Even though many people did leave their homes and families and escape to France or America, many justified their refusal to flee by claiming that they couldn't leave their families and their lives.

Even as a young boy, Sherlock felt that was a stupid reason. Clearly, no matter what they chose to do, flee or stay, their lives would never have been the same.

"Yes, well…Sentiment I suppose," Sherlock muttered noncommittally at the wall directly in front of him.

"Stupidity more like." Jim said, "How they haven't gone the way of the Dodo already is beyond me. Still… nature can sometimes use a bit of help."

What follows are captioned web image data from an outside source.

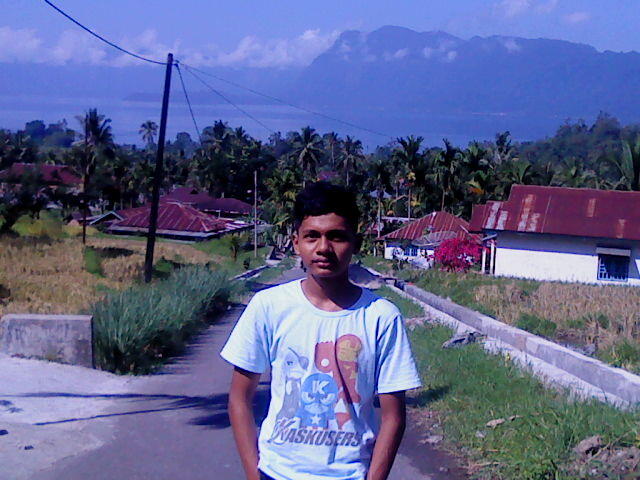 Keindahan danau maninjau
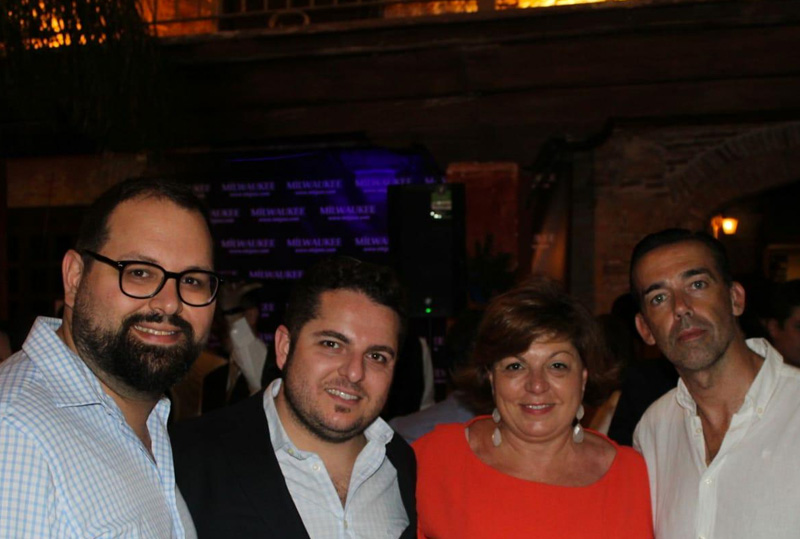 El Ayuntamiento felicita a la Bodeguilla del Bar Jamón por su 30 aniversario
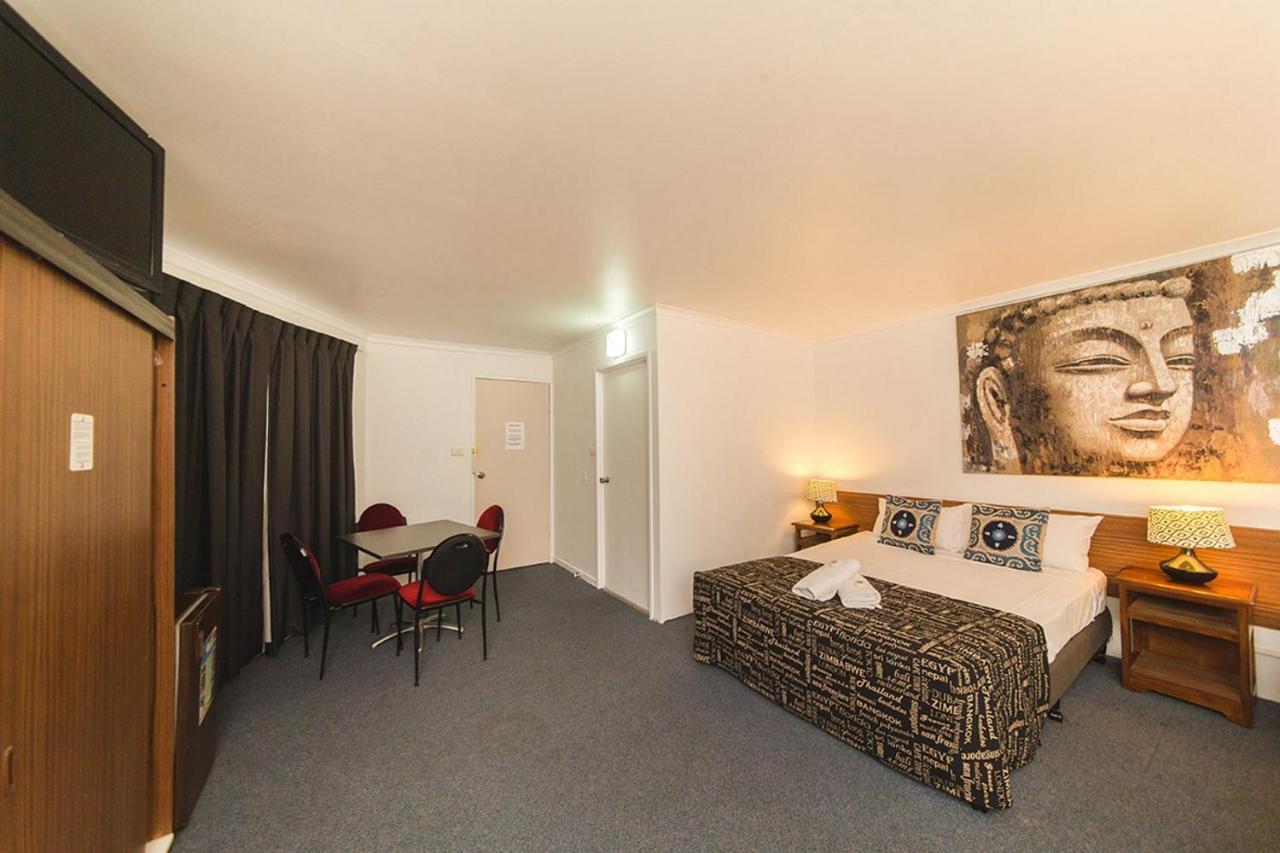 רוקהמפטון Hampton Villa Motel מראה חיצוני תמונה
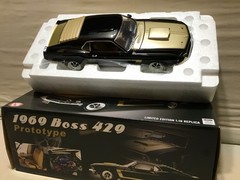 MUSTANG PROTOTYPE BLACK/GOLD BOSS 429 1969 FORD 1/18 ACME DIECAST A1801844 look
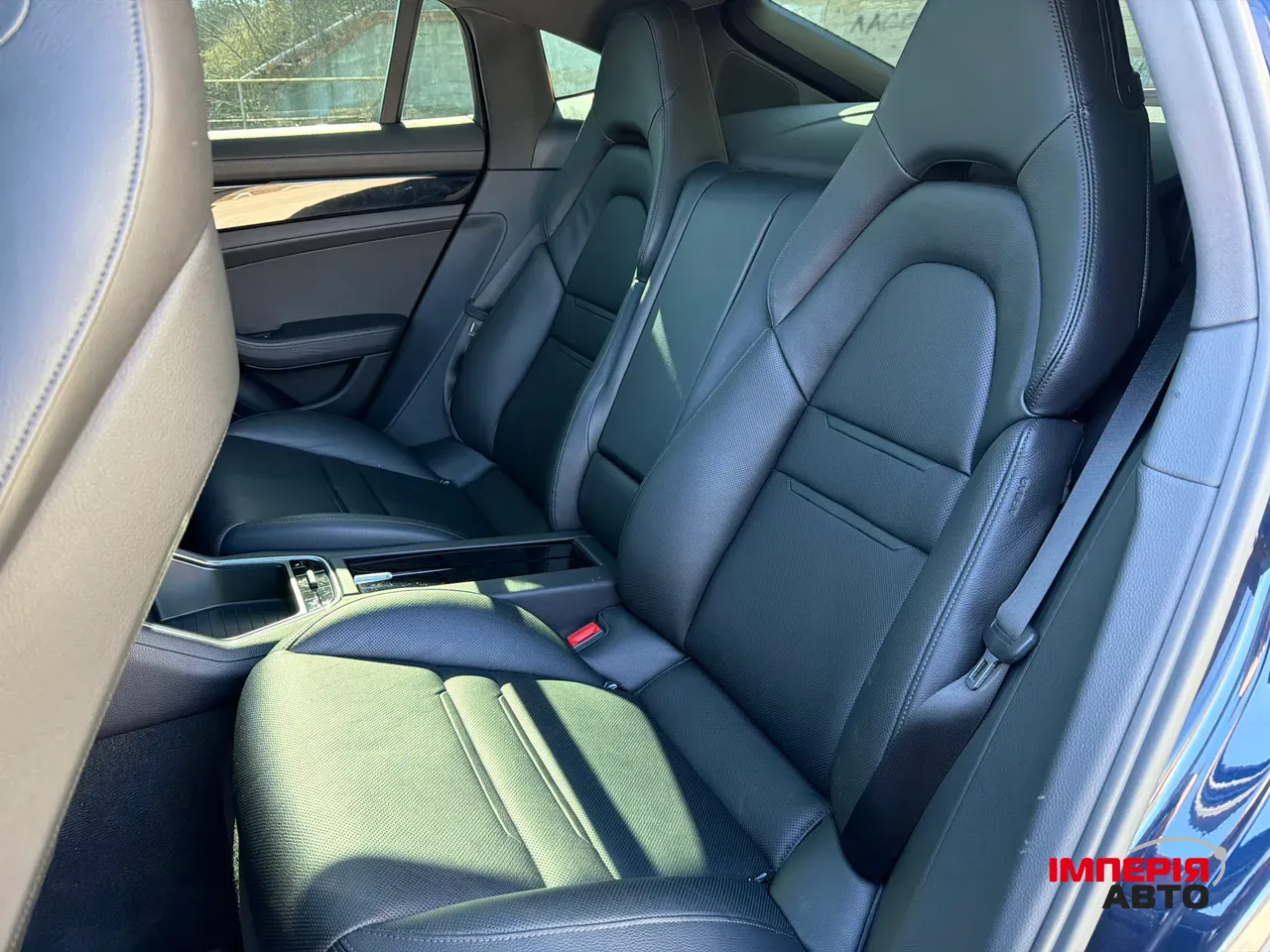 Porsche Panamera - фото 19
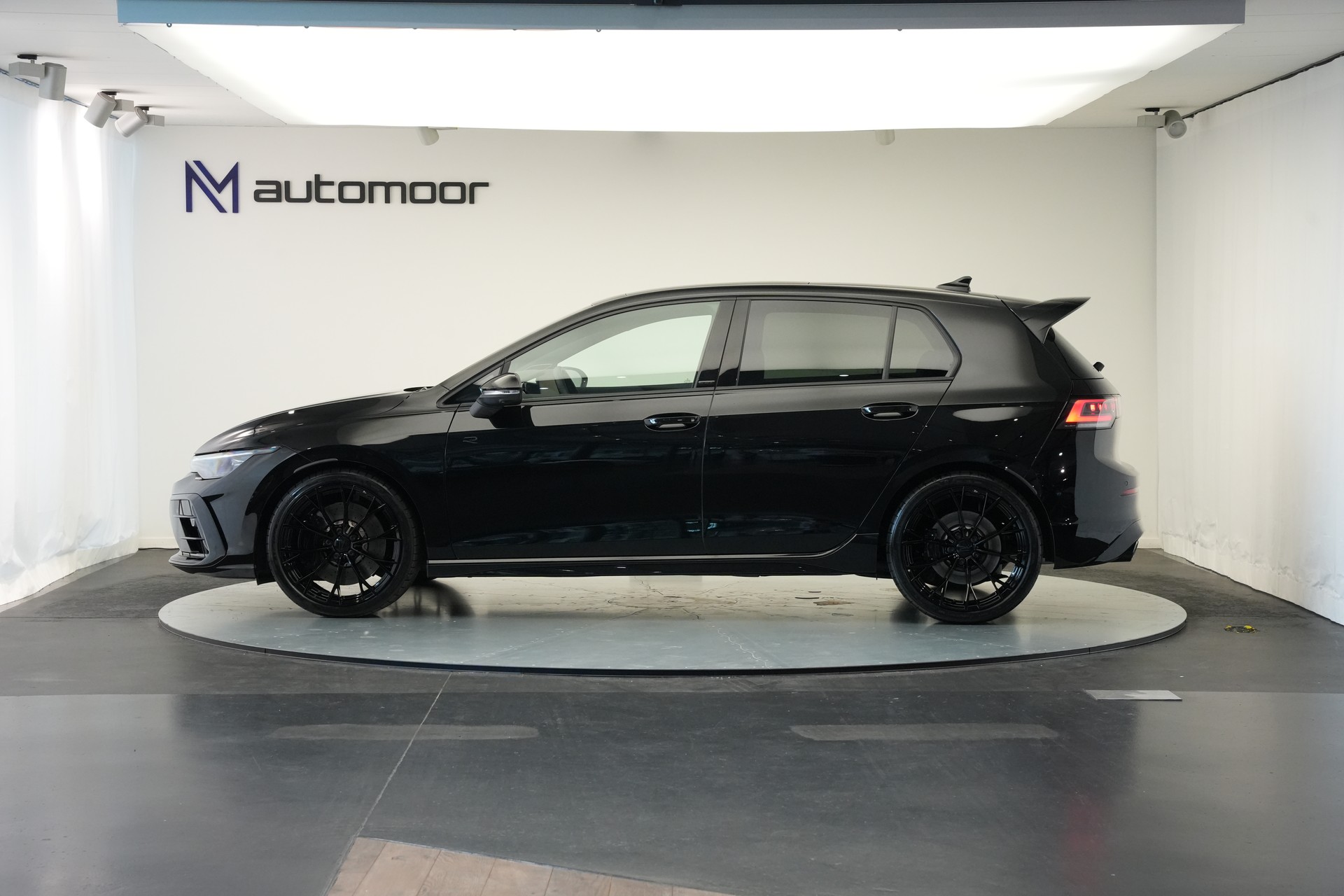 VW Golf 2.0 TSI R DSG 4 Motion *CH-Fahrzeug* *Werksgarantie* *Leder*-image-8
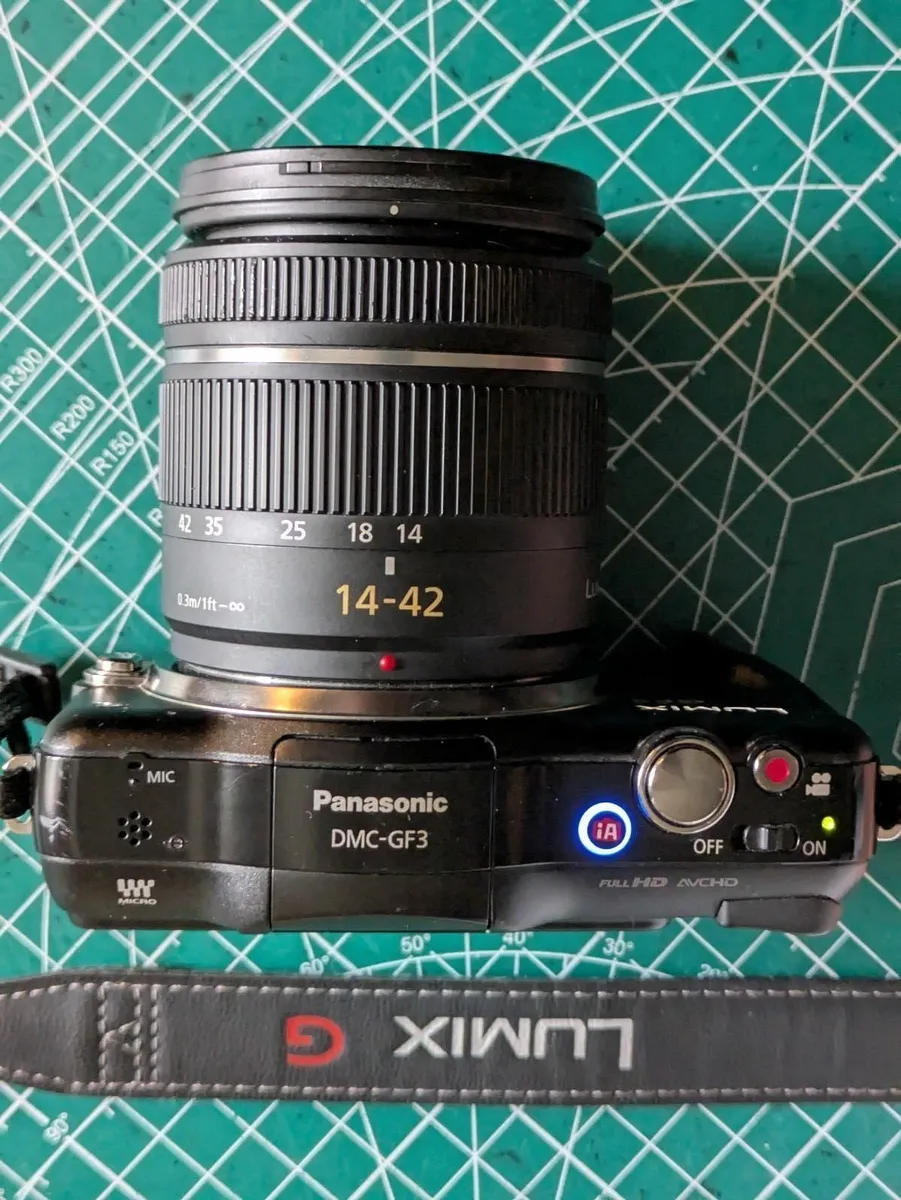Panasonic Lumix GF3 micro 4/3 + 14-42mm zoom lens - Image 3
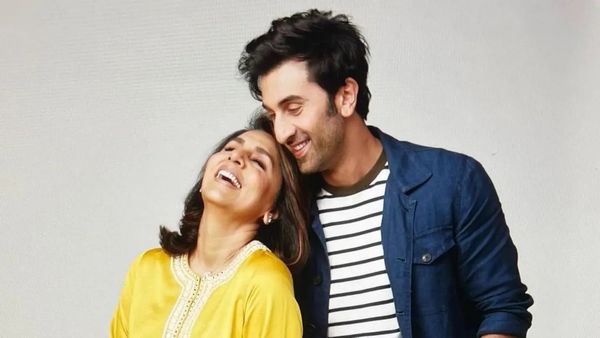 Ranbir Kapoor : जब रणबीर कपूर को सिगरेट पीता देख मां नीतू कपूर ने सोचा...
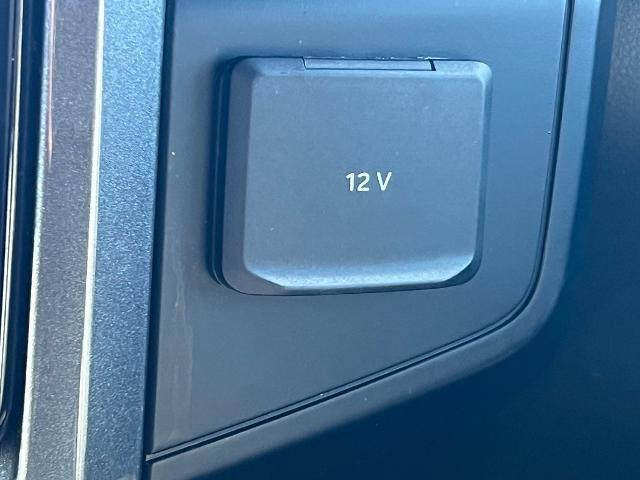 2022 Ford Expedition - $42,900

"So, you've taken a page out of Hitler's book and are using the Icarus Law as a stepping stone to taking away the rights of people born with wings, is that quite right?" Sherlock made a small advance, stepping away from the water's edge and directing his sudden inexplicable fury at the nearby wall. "Whatever is next? Lies about parasites in the media?"

And then Jim did something so heart-wrenchingly unpredictable, so completely terror laden it shocked Sherlock down to his core and stirred a fearfulness in him that he'd never experienced with another human being. Sherlock's palms began to sweat and his face felt foreign and clammy, and for the first time he doubted his decision to come to the pool.

Jim laughed, and laughed, and laughed.